C’est dans l’acte de mariage de Marie Marguerite Durié, qui se marie à Louviers (27) le 9 juillet 1845 que j’apprends que sa mère est décédée à Paris le 27 mars 1831.

Par chance, cet acte a été reconstitué. Pourquoi ? Il est indiqué sur la page de garde de l’acte, que cela a été fait à la demande du greffe de Louviers en 1873. En lisant l’acte on comprend que c’est en fait une copie conforme qui avait été envoyée à Louviers à l’occasion du mariage de sa fille. Ce qui est troublant c’est que cet acte est enregistré à Paris le 25 mars 1873, 3 jours avant le décès de sa fille survenu à Cherbourg le 28 mars 1873. Il n’y a pourtant sans doute aucun lien entre la reconstitution de l’acte parisien et le décès de cette dernière.

Je trouve dans cet acte qu’en 1831, elle habitait à Saumont-la-Poterie (76) où elle était couturière, et qu’elle est décédée 4 parvis Notre-Dame. Après vérification sur un plan de Paris, je pense qu’il s’agit en fait tout simplement de l’Hôtel-Dieu. Mais que faisait-elle à Paris ? Encore un mystère.

Je découvre aussi, qu’après le décès de Cyr François Lorillon, elle a épousé Joseph Florimond Normand le 30 janvier 1823 à Beaubec-la-Rosière. C’est avec cet acte de mariage que je découvre qu’elle est née à Saint-Léger-aux-Bois le 4 août 1777.

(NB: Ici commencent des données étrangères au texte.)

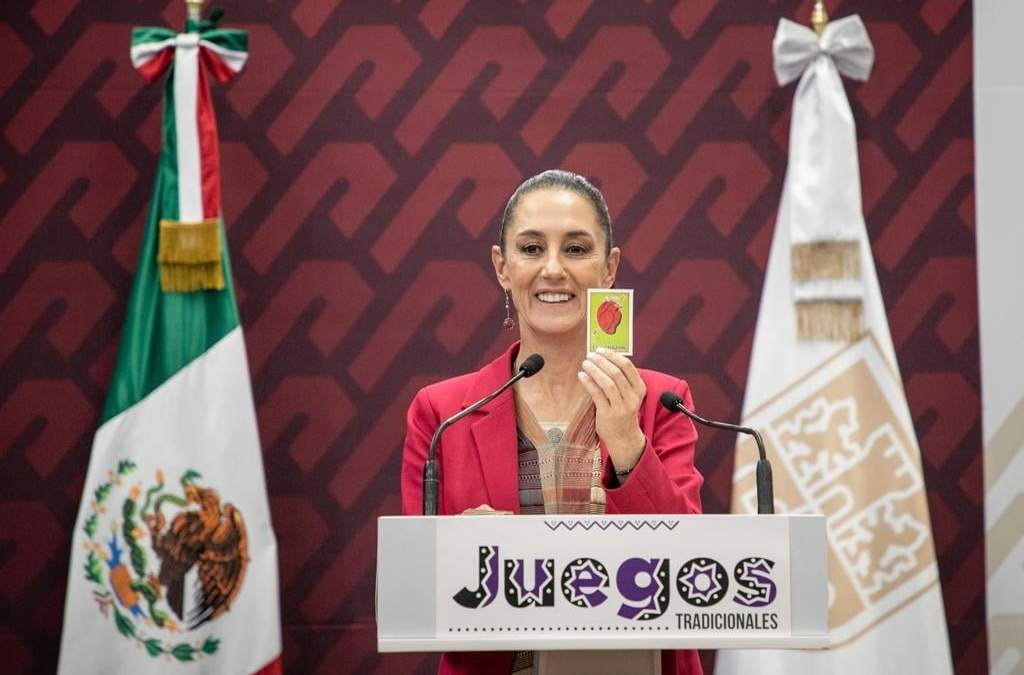 La jefa de gobierno, Claudia Sheinbaum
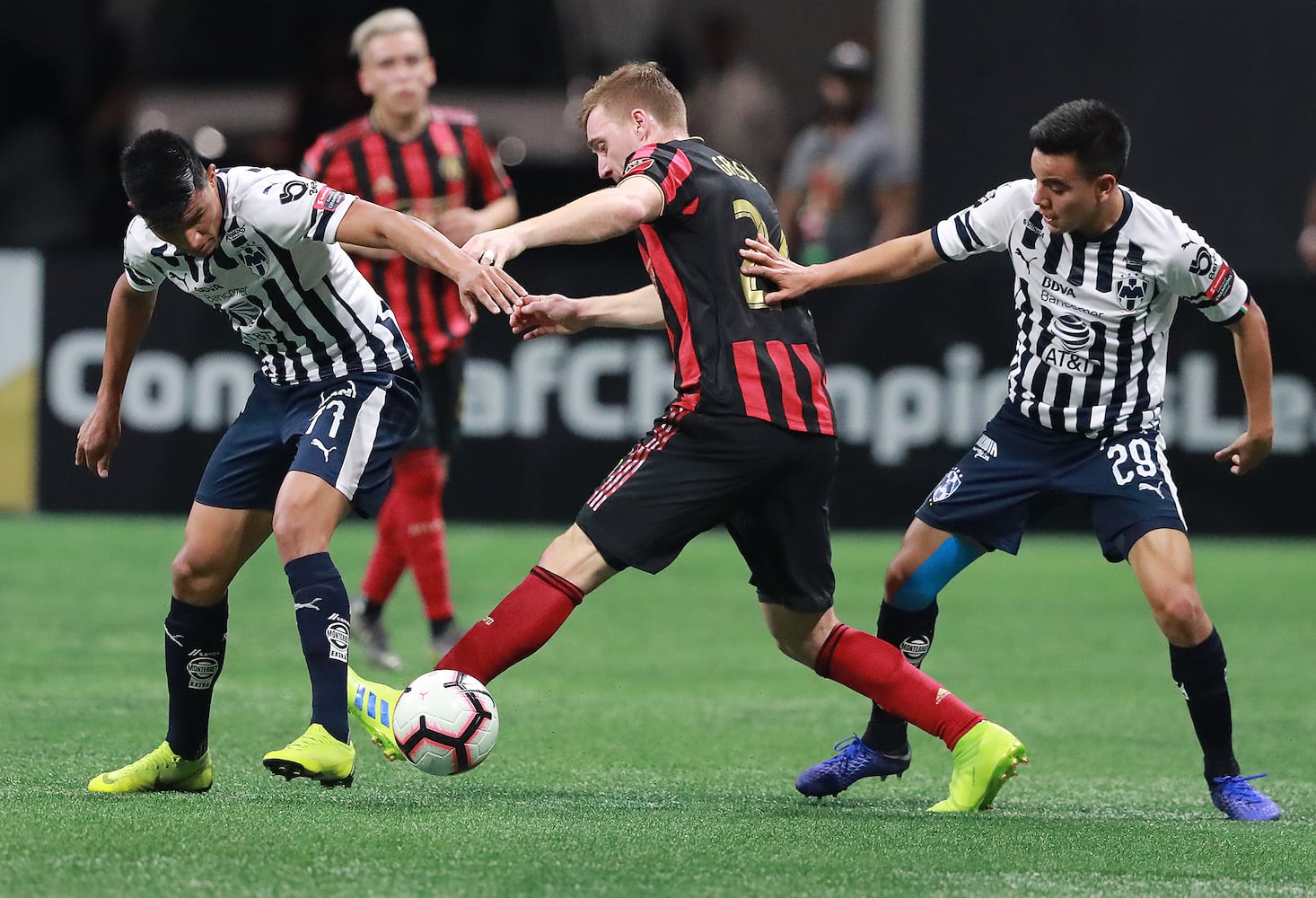 Photos: Atlanta United hosts Monterrey in Champions League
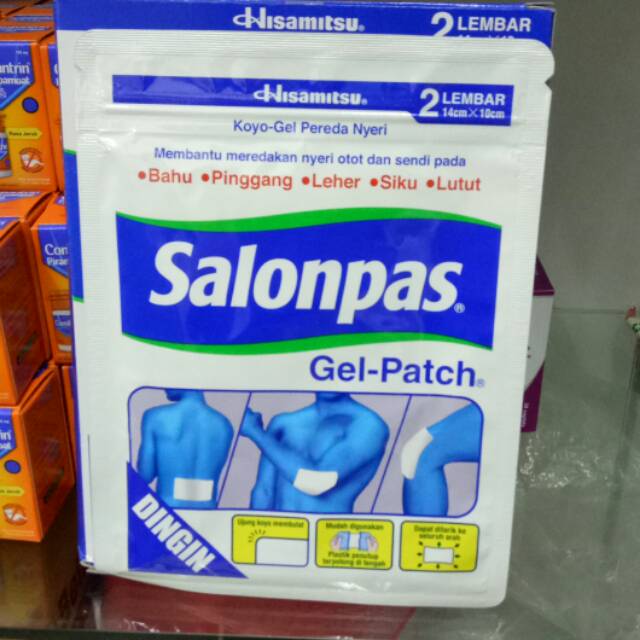 Salonpas patch gel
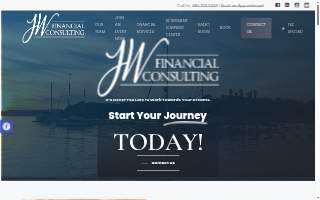 JW Financial Consulting website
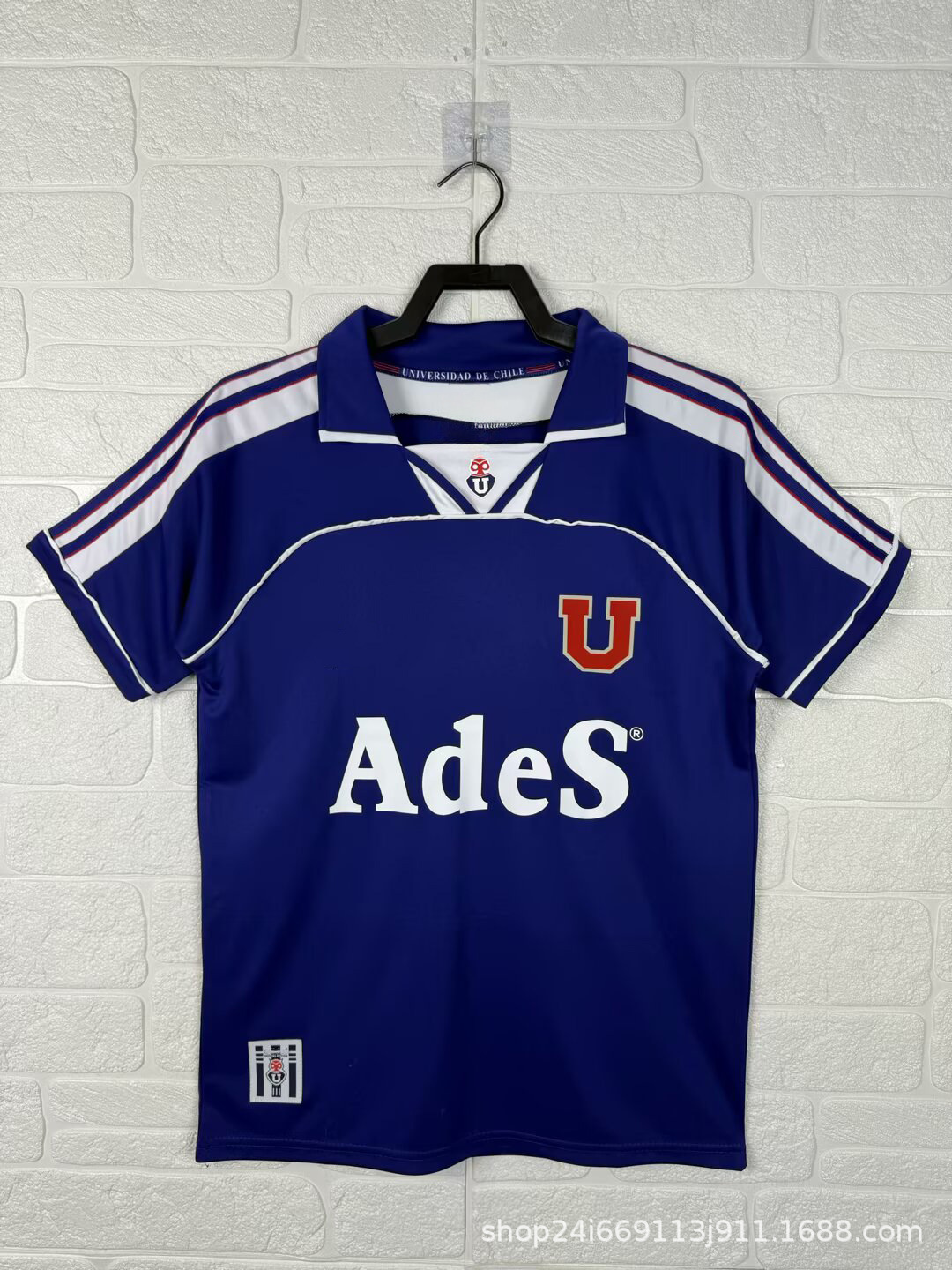 Camiseta de fútbol tailandesa retro Selección nacional Brasil Francia Argentina Portugal Camiseta de manga corta al por mayor Número de impresión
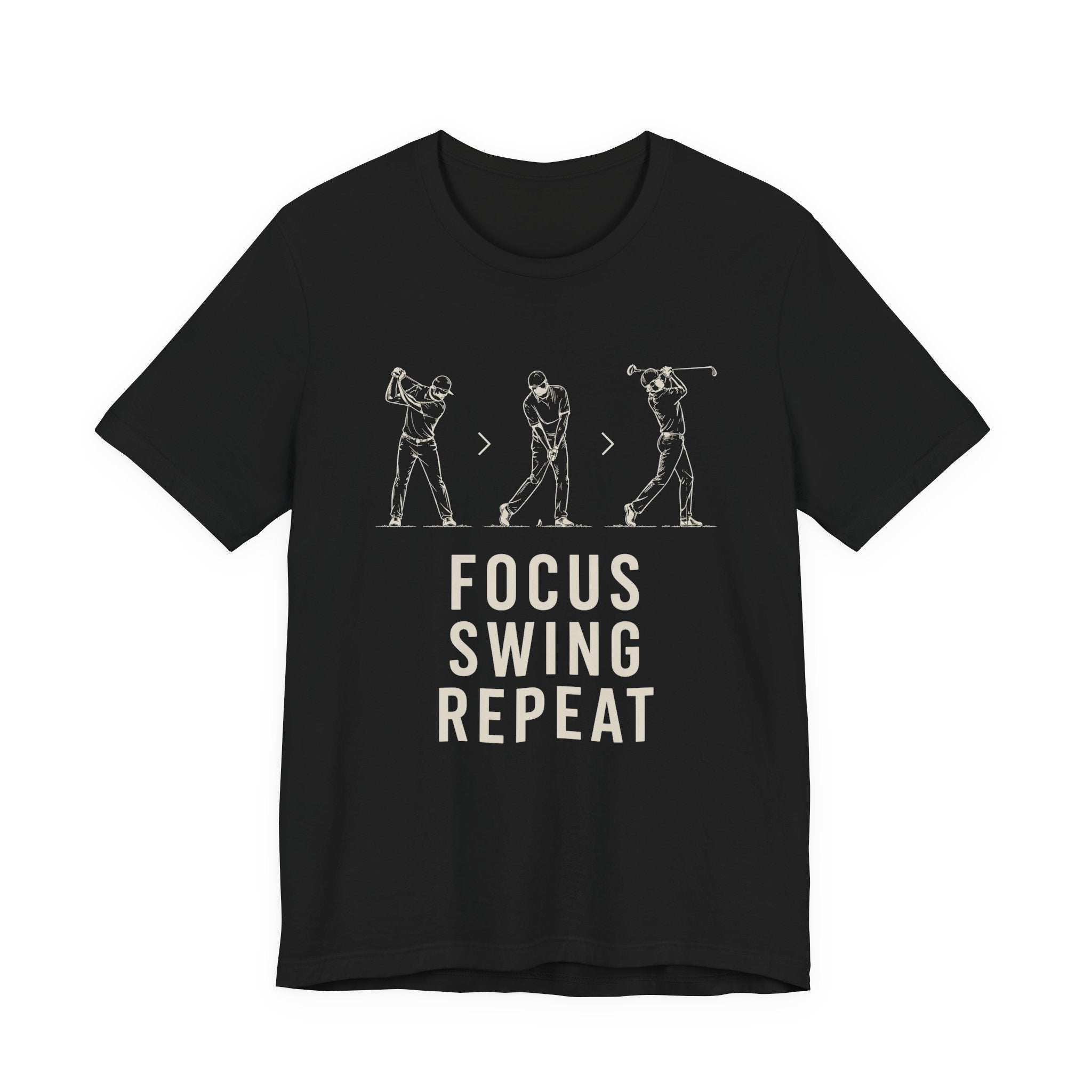 Focus Swing Repeat T-Shirt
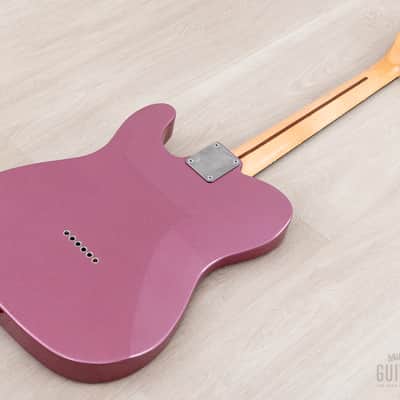 2023 Fender Hybrid II Telecaster FSR Burgundy Mist + Headstock, Near-Mint w/ Hangtags, Japan MIJ image 14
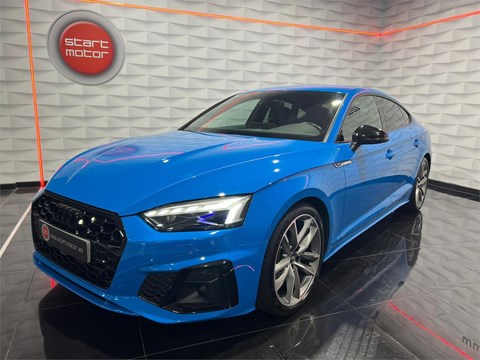 AUDI A5 SPORTBACK BLACK LINE 50 TDI 285CV QUATTRO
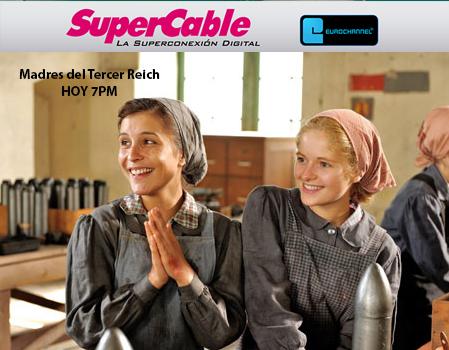 SuperCableCol's tweet photo. Una historia de supervivencia al régimen nazi basada en hechos reales x @Eurochannel_LA #SeñalSuperCable http://t.co/Jaffi19cCa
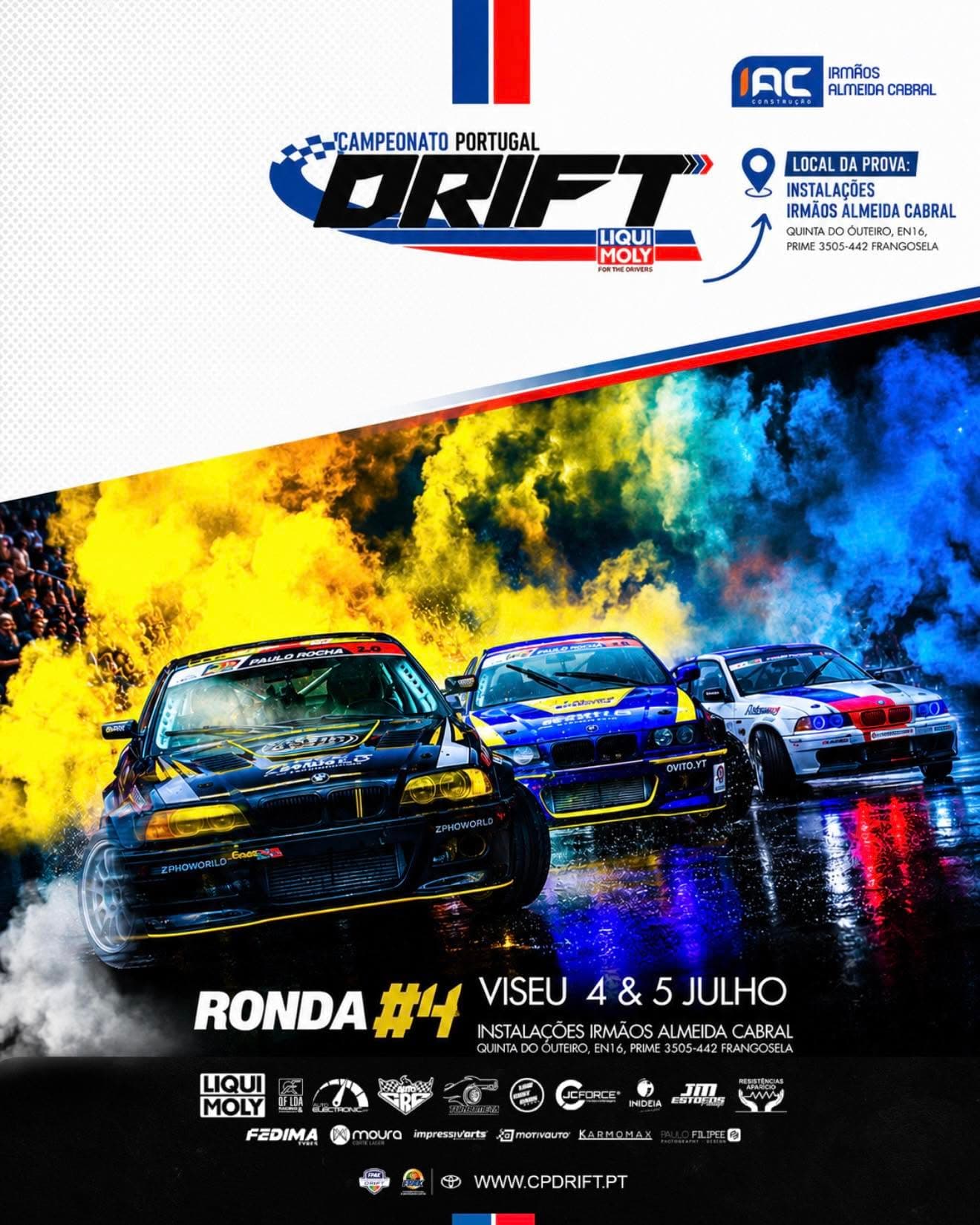 Campeonato Portugal Drift - Ronda 4 - Viseu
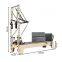 Pilates Maple Reformer with Half Trapeze Manufacture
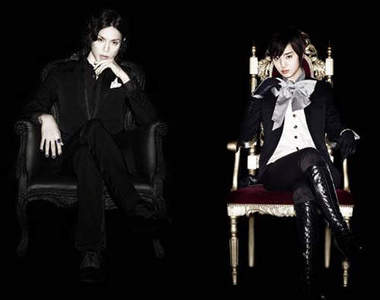 《黑執事真人電影》謝爾變原創新角男裝女性「幼峰汐璃」…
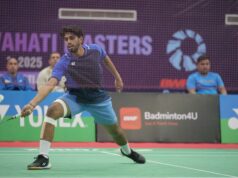 Indický športový zápas, 7. decembra: Saraswat získal prvý titul v super 100 na Guwahati Masters Indický športový zápas, 7. decembra: Saraswat získal prvý titul v super 100 na Guwahati Masters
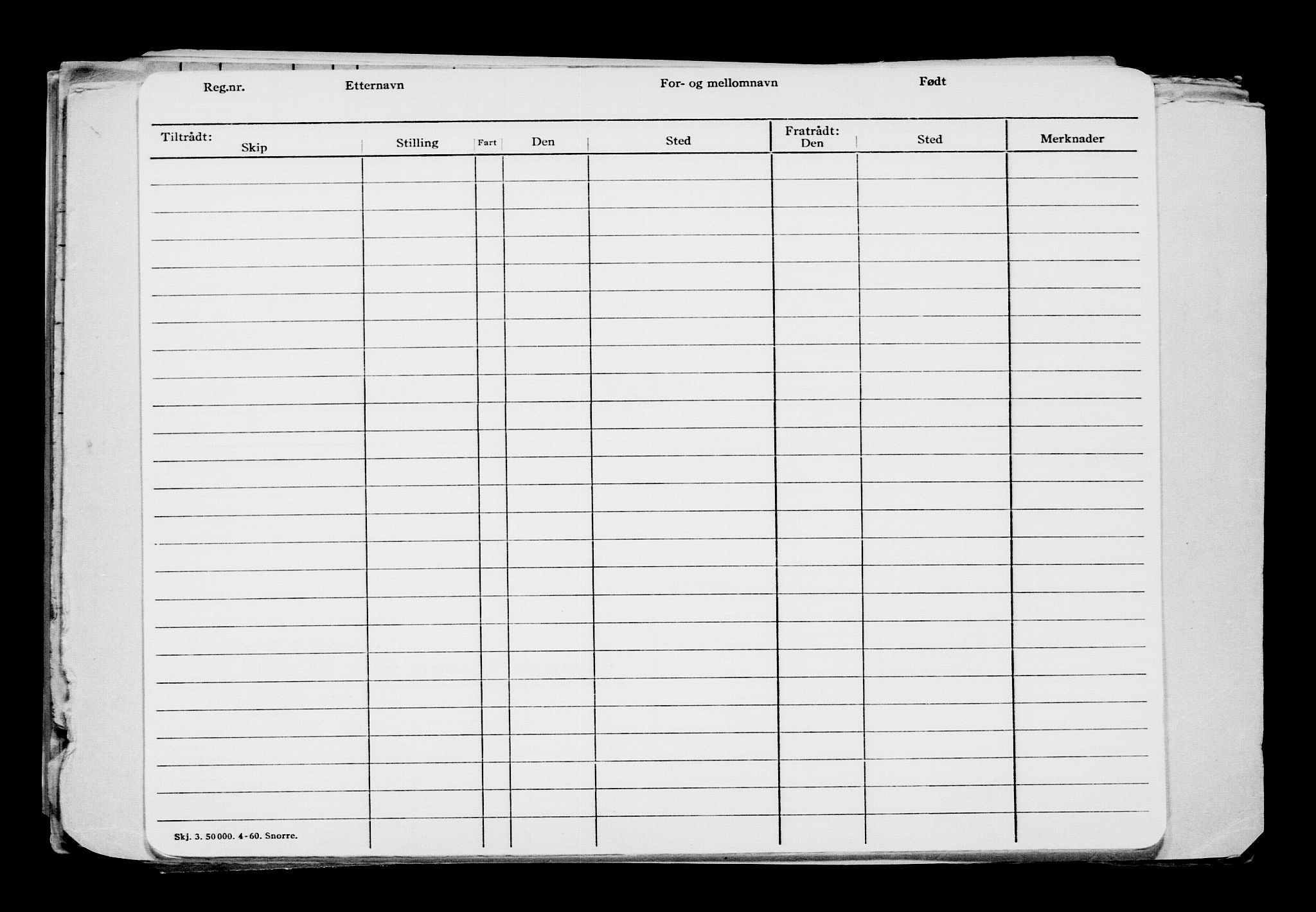 Direktoratet for sjømenn, AV/RA-S-3545/G/Gb/L0232: Hovedkort, 1924, p. 262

Famille de Marie Marguerite Payen (cliquer sur l’image pour l’agrandir)

Conclusion

J’étais partie de Nicolas Edouard Lorillon qui a son mariage ne semblait pas avoir de famille, ne semblait rien connaître de ses parents, si ce n’est leurs noms, pour découvrir qu’il avait finalement eu 12 frères et sœurs ! Il n’a pu en connaître que quelques-uns (7 au maximum), mais jusqu’à quel point ? Jusqu’à quel âge ? Avait-il une idée de l’histoire de son père ?

Et qu’est-ce qui a poussé Cyr François Lorillon a quitter l’Yonne et toute sa famille ?

Trop de questions restent ouvertes. Je vais continuer à traquer les Lorillon pour essayer d’en savoir plus. Tout porte à croire que ce billet n’est pas le dernier sur cette famille.

3 Replies to “Qui étaient les parents de Nicolas Edouard Lorillon ?”

  1. 2
    Laëtitia

    Et j’espère bien, un jour, trouver plus d’informations sur cette famille. La raison de la « disparition » de Cyr François de l’Yonne, mais aussi ce qu’il est advenu des enfants pendant leur enfance et leur jeunesse restent des énigmes. Et le fait que Jean Sébastien Lorillon ait été absent pendant 18 ans du « pays » m’intrigue, ainsi que le parcours de mon ancêtre Nicolas Edouard avant son arrivée à Canteleu. Bref encore quelques années avant un nouveau billet levant ces mystères ?

  2. 3
    Romain - Mes Ancêtres et moi

    Une enquête qui nous fait voyager et que j’ai adoré suivre ! Merci de nous faire partager ces aventures de François et Marie Marguerite.